Teaching and craft…

There is less than a week until our student exhibit at the Aegean Center for the Fine Arts here on Paros.   It has been a busy three months for most.  Like all previous sessions there is always one or two students who fall away.  This spring has been no different.  One student left and returned home a few weeks ago.  Another has stayed here but has followed a different path from those found on our artistic maps.  So be it.  There is nothing I can do about either case.  I will say, in my own defense, that I was there for both of them in a professional capacity when they needed me and,  in the beginning, helped to guide them through some of our philosophies.  Their individual decisions to take different routes has no bearing on the Center, the teachers or my own labors.

This spring I was given the honor of filling in as Silver Darkroom instructor.  This is not a post I assume to be permanent.  All teachers learn that their own skills, craft and knowledge increase when they pass on what they know to others.  This has been my experience as well.  I have learned more about the art and craft of photography in three months than I thought possible.  It was knowledge that I had already accrued so to give it away freely only strengthened my own foundations.   It was not  review or regurgitation.  I found myself solving problems and asking questions of myself from a new point of view.  One important lesson is to be able to say “I don’t know.  Let’s find the answer together.”  What freedom to not suppose, to not be a fake!

There is an ethos to teaching.  It is not enough to greet the student, spend a few hours or days, and then set them free.  That would be tantamount to showing them a map and telling them to drive to California from New York without first discussing the possible roads west.  As the more experienced traveler it is important to guide these eager minds along the way.  Yes, let them take a wrong turn, experience a sudden detour or two and even run out of fuel, but do not abandon them in the badlands of inexperience.  Let them know that you are there, waiting up ahead at the next marker or traveling alongside.  I have practiced this and it has paid off.  I have gained a level of patience and understanding by remaining available.  I have set up appointments and answered their questions to the best of my abilities, abilities which have grown over the course of three months.  To some this may seem a sacrifice of my own personal time, my own independence.  It is quite the opposite.   I have never felt so free, so happy and, at times, so completely baffled.  At that point I turn to someone more knowledgable than myself.  Such is the nature of education, or it should be.

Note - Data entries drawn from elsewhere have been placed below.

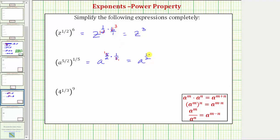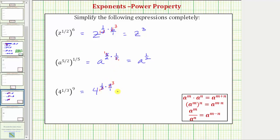In our last example we have four raised to the power of one-third raised to the ninth power. Applying the power property of exponents, this is equal to four raised to the power of one-third times nine, or nine over one. Simplifying before multiplying, there's one three in one-third and three threes in nine. The product is just one times three which equals three, which means the given expression simplifies to four raised to the power of three, or four cubed.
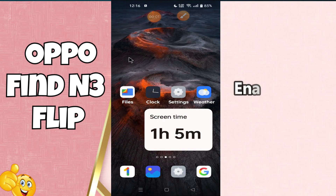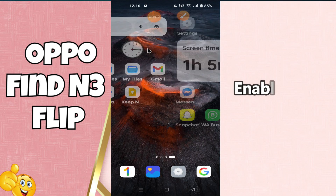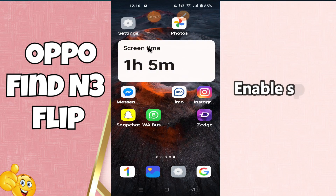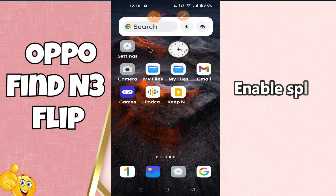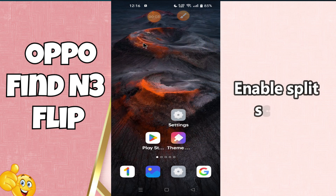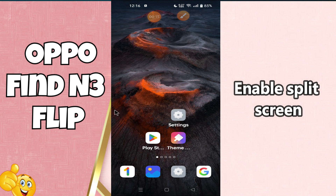Hi everyone, welcome to another video. In this video I am going to show you how to enable the split screen in Oppo F5 and F3 Flip. If you want to enable the split screen, I will show you how you can do it. Before I start, if you are new to my channel, don't forget to subscribe and press the bell icon for further details. Now let's watch the video and learn about it.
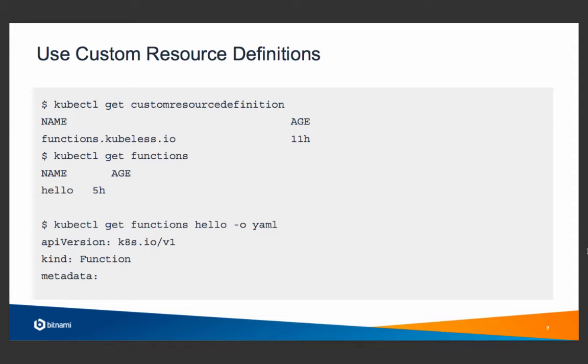The function is just a Kubernetes object with a kind defined as a function. This is not a standard object kind in Kubernetes. We just extended the system using a CRD.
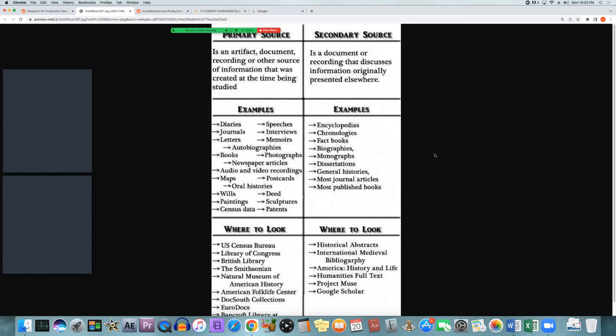Coming back to production design specifically: primary and secondary sources still apply because a teenage girl at the time would have decorated her room differently, worn different colors, and represented herself differently than an older male character about to pass away and give away his possessions. Different people from the same time period will have very different visual representations of themselves and their spaces.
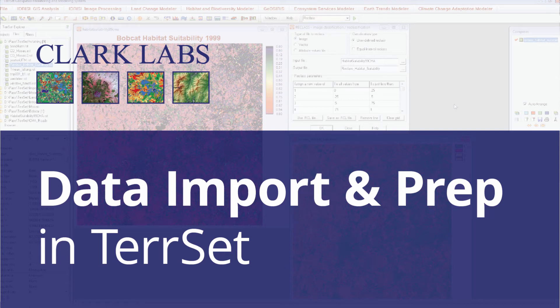Welcome to the TerrSet tutorial video series. In this tutorial you will learn how to import data in various formats into TerrSet.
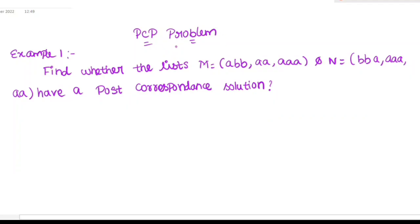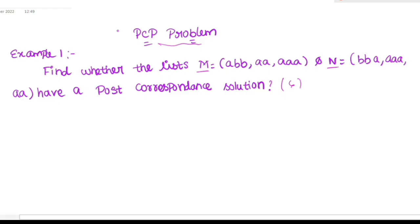Hi friends, in this video we will see two examples of PCB problems. First example, we have a list. What is M and N. There are three sets of post-correspondent solutions. If you ask a PCB problem, what is the explanation, and that is why there are two examples. This is about 13 marks.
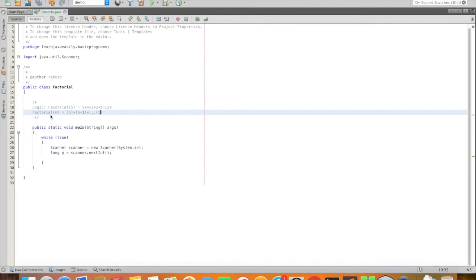How do we implement this logic in a program? If you have a factorial logic, you can implement it in the main method.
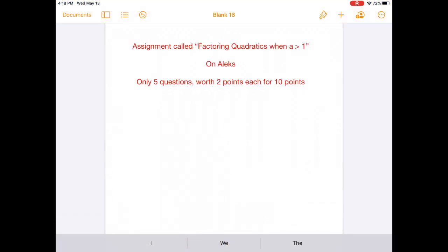Your assignment is called factoring quadratics when a is greater than 1, and it's on Alex. These questions are a little more in-depth, so there are only five of them, worth two points each for a total of 10 points. Don't forget you can always Zoom with me during third period or office hours. If you're not available then, send me an email and I might be able to set up a separate Zoom or give you a link to another session.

There is a quote from George Bernhard Shaw: “Those who can, do…those who can’t, teach.”  I must admit that I have found this to be very untrue and can only believe that GBS had his head (beard and all) deeply imbedded in his anus when he thought it up.  The quote should be “Those who can, teach.”    Learning is a cycle:  Practice>Teach>Learn>Practice>Teach>Learn>Practice>Teach>Learn…

Ralph Waldo Emerson had a better idea:

“Be an opener of doors for such as come after thee.”